Go to an Urban Sketchers' meet-up with a new friend.Our subject was a Vancouver Biennale sculpture, Trans Am Totem by Marcus Bowcott -- pictured above.  I was pleased enough with my rendition, but I was especially pleased that I pushed aside my nervousness about joining others in an "artistic" activity. Pleased I ignored the self-censorship, and just tried to look and draw, look and draw, look and draw, line after line, methodically. .  . in the sunshine, with like-minded, supportive people nearby. Pleased to be immersed in the process for an hour. So great! (And if you want to see how my sketch turned out, check out my Instagram button, top right column.)

3. Pedal with Pater on my first urban cycle of the year, first of what I know will be many (we're biking again today).

And the fun continues -- we've got tickets for a concert tonight, part of a great lineup of Vancouver Jazz Festival performances. . . a friend's coming to town this week, and there are lunch plans. . . and I think Pater and I might make some forays into some furniture and design stores, just daydreaming about how to feather our new nest. . . .

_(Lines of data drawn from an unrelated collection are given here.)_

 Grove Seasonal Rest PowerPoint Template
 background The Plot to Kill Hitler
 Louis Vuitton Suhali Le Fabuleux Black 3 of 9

What about you? Are you easing into the week? Easing into the summer? Easing out of one mood and easing into another? Ease. . . . Transitions . . .  Ease. . . .Hmmmm, let's chat. . .


40 comments:

  1. Replying to comments really does take time, and mental and emotional capacity. I feel badly that I'm not doing so well at it as I used to, because I'm still trying to find a place for my Mom to live, and I admire you for soldiering on. Sorry your last post flared up - politics are so rarely civil any longer:(.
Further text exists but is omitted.